>>

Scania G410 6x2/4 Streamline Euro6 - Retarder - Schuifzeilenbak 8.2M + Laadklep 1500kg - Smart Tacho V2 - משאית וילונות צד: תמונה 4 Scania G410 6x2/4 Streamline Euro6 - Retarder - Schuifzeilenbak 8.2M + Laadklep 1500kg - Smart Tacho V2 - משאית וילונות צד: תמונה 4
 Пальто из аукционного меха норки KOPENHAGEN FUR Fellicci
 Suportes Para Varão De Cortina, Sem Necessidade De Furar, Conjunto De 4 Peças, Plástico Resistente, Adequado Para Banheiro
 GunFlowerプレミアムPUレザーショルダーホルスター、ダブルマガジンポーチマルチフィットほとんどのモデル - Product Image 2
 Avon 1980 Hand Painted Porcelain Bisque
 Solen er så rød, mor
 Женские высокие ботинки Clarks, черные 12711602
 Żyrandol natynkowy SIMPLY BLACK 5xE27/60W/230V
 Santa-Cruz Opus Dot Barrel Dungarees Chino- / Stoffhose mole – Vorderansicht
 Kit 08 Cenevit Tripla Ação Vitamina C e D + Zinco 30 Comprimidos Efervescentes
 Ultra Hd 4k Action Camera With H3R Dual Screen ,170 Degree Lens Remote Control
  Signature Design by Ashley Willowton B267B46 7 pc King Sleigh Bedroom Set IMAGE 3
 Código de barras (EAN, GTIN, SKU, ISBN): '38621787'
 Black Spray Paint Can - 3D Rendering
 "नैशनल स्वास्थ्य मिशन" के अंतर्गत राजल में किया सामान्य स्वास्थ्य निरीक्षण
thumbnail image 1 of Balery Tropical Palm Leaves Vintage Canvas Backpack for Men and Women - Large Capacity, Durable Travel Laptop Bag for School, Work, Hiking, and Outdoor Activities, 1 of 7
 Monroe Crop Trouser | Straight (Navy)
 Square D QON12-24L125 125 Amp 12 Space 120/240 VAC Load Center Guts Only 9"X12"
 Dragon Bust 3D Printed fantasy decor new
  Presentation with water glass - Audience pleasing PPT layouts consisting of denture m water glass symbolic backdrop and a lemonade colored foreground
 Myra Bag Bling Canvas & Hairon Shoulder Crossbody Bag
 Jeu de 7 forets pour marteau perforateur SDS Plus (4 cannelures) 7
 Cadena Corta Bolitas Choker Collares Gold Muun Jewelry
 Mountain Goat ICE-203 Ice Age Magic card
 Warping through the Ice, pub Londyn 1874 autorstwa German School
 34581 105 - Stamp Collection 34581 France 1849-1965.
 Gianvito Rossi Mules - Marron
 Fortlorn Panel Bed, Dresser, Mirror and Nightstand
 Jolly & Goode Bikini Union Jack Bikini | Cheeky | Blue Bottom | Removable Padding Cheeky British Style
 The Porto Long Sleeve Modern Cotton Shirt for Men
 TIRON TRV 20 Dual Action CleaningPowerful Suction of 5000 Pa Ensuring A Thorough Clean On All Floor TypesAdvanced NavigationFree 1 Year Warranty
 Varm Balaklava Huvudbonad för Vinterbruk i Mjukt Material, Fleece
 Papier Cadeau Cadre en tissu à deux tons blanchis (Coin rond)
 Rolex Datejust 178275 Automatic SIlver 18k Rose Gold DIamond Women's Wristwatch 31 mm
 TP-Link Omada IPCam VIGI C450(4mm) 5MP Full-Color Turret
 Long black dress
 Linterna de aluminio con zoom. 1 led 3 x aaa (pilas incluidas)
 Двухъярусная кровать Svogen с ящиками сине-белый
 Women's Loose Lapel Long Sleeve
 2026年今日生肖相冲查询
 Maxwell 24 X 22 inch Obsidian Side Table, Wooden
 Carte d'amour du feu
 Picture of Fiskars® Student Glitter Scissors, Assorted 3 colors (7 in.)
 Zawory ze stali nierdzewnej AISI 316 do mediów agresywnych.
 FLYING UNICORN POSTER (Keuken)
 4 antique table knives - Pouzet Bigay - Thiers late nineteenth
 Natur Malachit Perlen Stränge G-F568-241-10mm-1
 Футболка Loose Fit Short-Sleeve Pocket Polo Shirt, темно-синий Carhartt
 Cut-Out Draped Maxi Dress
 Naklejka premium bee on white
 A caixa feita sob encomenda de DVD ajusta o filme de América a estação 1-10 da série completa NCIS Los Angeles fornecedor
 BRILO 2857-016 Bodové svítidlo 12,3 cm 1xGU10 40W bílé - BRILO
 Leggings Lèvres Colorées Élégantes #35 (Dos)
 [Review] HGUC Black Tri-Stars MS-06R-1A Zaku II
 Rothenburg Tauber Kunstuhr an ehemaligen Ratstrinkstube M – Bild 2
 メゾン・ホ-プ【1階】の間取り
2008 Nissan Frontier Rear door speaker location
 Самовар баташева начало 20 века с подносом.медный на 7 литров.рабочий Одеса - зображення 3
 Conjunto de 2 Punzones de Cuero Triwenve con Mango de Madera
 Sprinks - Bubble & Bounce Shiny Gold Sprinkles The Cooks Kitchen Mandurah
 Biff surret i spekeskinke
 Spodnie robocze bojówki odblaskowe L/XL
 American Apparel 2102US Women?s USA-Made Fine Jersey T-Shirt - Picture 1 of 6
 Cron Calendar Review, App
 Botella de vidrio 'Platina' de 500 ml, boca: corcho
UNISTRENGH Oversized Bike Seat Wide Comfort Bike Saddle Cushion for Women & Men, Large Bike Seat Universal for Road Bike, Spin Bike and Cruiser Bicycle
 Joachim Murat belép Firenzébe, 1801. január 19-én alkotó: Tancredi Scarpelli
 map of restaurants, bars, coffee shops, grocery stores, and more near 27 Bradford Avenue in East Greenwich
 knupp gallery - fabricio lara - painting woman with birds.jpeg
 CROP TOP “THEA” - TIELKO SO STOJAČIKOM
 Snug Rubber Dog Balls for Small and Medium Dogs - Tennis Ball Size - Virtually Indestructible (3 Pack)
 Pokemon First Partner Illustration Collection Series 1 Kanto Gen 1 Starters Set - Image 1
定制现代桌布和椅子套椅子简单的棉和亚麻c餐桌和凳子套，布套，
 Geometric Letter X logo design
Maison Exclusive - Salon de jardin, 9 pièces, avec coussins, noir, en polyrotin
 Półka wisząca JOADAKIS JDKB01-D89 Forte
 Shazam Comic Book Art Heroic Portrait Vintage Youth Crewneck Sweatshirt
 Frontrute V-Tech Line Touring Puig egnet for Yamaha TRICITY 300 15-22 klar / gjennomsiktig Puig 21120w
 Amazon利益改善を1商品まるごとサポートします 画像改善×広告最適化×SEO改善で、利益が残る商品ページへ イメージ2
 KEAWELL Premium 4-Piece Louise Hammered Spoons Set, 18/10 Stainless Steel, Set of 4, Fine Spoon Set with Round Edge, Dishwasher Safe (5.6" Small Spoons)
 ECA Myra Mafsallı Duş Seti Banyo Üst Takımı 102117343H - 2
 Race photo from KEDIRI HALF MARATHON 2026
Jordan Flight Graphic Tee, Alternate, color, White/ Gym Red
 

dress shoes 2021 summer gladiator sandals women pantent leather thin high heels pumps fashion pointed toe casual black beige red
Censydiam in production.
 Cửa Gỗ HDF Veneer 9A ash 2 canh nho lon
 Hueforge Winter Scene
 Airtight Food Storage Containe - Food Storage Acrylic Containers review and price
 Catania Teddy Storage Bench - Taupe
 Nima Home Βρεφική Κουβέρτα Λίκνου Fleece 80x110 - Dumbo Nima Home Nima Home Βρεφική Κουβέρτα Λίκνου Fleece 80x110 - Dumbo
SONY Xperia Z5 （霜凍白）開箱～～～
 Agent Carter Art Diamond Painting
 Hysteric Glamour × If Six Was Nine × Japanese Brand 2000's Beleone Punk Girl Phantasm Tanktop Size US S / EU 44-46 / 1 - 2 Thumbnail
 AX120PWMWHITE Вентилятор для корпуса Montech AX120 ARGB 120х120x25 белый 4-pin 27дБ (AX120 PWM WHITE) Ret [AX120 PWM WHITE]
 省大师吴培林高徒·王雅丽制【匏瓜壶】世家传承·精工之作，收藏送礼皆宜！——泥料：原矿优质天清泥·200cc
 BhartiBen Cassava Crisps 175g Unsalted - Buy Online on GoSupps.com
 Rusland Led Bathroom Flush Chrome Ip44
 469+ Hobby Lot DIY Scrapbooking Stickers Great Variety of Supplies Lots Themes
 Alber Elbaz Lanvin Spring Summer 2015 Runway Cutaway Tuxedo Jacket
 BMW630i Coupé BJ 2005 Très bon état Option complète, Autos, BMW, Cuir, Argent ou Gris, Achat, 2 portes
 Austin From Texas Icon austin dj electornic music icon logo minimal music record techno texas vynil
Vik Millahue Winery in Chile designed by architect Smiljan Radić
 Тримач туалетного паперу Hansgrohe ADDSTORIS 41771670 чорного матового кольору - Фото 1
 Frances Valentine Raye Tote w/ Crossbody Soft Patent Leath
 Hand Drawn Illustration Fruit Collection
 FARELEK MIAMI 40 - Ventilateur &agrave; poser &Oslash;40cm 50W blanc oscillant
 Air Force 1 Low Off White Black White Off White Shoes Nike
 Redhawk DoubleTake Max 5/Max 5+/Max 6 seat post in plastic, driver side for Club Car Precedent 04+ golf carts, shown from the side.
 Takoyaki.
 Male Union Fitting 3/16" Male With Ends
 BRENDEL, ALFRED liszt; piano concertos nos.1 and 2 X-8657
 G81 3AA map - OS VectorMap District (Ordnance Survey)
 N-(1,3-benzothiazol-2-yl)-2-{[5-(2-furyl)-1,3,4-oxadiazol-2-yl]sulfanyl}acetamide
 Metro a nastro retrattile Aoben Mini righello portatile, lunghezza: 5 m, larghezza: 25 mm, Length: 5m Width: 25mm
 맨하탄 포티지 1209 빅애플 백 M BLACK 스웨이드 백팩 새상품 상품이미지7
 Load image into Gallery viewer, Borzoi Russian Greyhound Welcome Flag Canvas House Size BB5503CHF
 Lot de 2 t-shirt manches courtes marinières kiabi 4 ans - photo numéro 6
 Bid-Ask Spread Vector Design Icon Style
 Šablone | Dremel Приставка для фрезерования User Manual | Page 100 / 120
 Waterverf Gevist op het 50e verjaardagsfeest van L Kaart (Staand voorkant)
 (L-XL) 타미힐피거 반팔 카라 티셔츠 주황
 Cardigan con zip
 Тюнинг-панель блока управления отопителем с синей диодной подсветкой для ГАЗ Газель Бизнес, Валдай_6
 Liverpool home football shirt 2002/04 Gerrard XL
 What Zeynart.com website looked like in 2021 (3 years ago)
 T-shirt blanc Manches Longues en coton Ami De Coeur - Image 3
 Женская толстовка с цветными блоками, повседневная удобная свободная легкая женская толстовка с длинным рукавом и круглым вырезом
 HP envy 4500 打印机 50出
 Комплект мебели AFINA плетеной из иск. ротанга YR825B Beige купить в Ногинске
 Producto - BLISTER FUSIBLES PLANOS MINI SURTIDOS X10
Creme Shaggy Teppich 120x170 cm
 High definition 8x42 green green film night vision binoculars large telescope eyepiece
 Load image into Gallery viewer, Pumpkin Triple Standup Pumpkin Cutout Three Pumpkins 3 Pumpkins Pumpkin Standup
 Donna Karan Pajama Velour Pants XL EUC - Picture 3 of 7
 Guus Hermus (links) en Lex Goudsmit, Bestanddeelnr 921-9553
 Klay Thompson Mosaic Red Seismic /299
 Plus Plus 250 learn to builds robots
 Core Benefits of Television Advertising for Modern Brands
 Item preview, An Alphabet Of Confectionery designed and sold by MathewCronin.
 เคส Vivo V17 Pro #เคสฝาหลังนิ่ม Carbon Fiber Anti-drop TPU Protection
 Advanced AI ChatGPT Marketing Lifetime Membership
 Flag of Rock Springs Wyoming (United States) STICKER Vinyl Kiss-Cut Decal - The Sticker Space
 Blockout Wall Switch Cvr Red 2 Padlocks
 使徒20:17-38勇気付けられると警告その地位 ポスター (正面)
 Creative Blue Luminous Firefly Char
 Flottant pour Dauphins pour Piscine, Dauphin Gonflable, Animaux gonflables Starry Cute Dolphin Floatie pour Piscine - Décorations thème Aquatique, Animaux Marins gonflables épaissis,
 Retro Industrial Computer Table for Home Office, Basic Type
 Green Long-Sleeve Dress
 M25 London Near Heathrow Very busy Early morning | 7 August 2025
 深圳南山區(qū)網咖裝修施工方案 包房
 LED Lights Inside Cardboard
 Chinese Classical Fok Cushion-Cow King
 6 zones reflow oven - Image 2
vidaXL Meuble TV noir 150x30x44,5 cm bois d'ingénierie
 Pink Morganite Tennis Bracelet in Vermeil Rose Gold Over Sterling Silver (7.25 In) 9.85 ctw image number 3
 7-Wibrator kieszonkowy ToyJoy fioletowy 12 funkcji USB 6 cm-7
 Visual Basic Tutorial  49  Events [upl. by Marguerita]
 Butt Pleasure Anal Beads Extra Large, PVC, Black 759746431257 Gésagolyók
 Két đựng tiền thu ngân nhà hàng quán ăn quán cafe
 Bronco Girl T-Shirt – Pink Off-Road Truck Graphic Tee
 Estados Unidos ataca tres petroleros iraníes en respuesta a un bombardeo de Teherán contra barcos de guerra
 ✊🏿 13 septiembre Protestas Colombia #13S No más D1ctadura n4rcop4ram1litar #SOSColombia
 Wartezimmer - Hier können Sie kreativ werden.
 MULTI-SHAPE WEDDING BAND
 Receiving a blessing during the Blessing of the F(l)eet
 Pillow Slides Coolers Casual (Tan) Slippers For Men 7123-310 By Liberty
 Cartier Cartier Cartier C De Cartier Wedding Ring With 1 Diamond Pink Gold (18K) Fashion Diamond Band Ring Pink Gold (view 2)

<<

■ WHAT IS NEEDED:
From the records above, copy out the line with "A caixa feita", the line with "Самовар баташева начало", and every line between them, word for word.

■ WRITTEN SOLUTION:
 A caixa feita sob encomenda de DVD ajusta o filme de América a estação 1-10 da série completa NCIS Los Angeles fornecedor
 BRILO 2857-016 Bodové svítidlo 12,3 cm 1xGU10 40W bílé - BRILO
 Leggings Lèvres Colorées Élégantes #35 (Dos)
 [Review] HGUC Black Tri-Stars MS-06R-1A Zaku II
 Rothenburg Tauber Kunstuhr an ehemaligen Ratstrinkstube M – Bild 2
 メゾン・ホ-プ【1階】の間取り
2008 Nissan Frontier Rear door speaker location
 Самовар баташева начало 20 века с подносом.медный на 7 литров.рабочий Одеса - зображення 3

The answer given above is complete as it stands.